Except as otherwise explicitly provided in this Code, if any Employee believes that this Code has been violated or the Company has or is about to violate a law or regulation, or an Employee believes that he or she is being asked to violate this Code or a law or regulation in the performance of duties for the Company, the matter should be promptly reported to the Employee's supervisor or Responsible Manager. If for any reason the Employee is uncomfortable reporting such matter to his or her supervisor or the Responsible Manager, then the matters should be promptly reported to the Company's Board, who will respond as promptly and discreetly as practicable with an appropriate investigation.

Except as otherwise explicitly provided in this Code, if any Director believes that this Code has been violated or the Company has or is about to violate a law or regulation, or a Director believes that he is being asked to violate this Code or a law or regulation in the performance of duties for the Company, the matter should be promptly reported to the Chairman of the Corporate Governance Committee.

Every Employee and Director shall cooperate in assuring that any violation of this Code is brought to the attention of the appropriate person. The Company will take appropriate steps to maintain the confidentiality of the reporting Employee's or Director's identity, to the extent that it can do so consistent with the Company's obligations to investigate and remedy the matter and, if appropriate, to report the matter to government officials. Employees may report violations of this Code on an anonymous basis.

No retribution will be taken against an Employee or Director for reporting, in good faith, a violation or suspected violation, and any supervisor intimidating or imposing sanctions on any Employee or Director for reporting a matter in good faith will be disciplined.

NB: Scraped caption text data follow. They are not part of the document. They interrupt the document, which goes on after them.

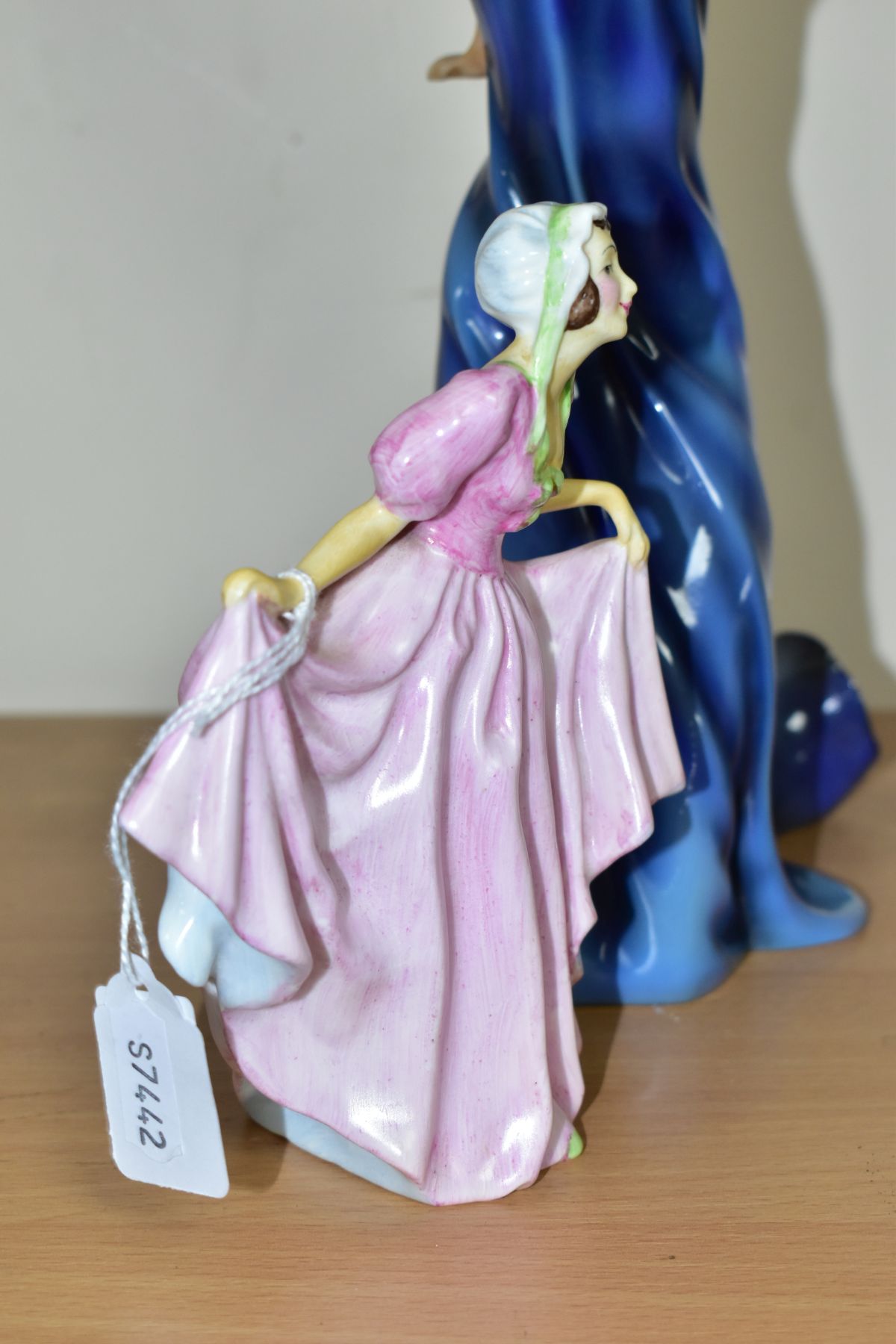 A 1940 BONE CHINA LADY FIGURE TITLED ELAINE AND TWO FRANKLIN MINT 'SOPHISTICATION' RESIN MODELS, the - Bild 4 aus 11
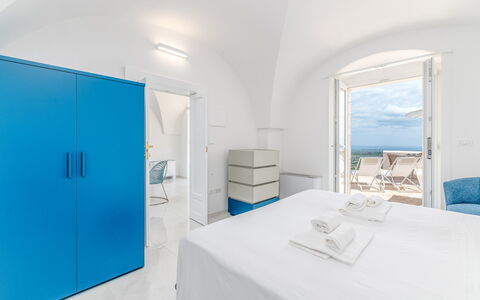Villa Augusta Vista Mare: Blau, Wohnung, Meer, Hotel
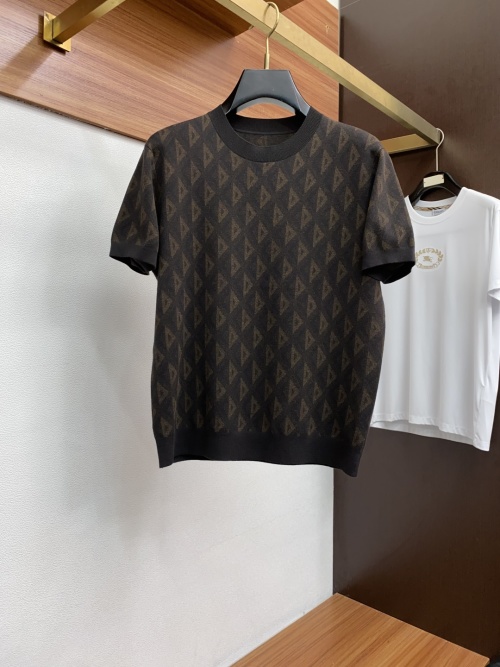 Men's Premium Knit Short Sleeve T-Shirt with Geometric Pattern 1 Men's Premium Knit Short Sleeve T-Shirt with Geometric Pattern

The Corporate Governance Committee of the Company's Board of Directors is responsible for overseeing the interpretation and enforcement of this Code. Only the Corporate Governance Committee may waive provisions of this Code with respect to Directors and executive officers of the Company and only the Corporate Governance Committee may change any provision of this Code.

An Employee or Director found to have violated this Code would be subject to appropriate disciplinary action, ranging from warnings to possible termination or removal.


Desert Enterprises is committed to openness, transparency, and honesty in its dealings with shareholders, employees and partners. This is done through keeping them aware of its objectives, goals, and businesses.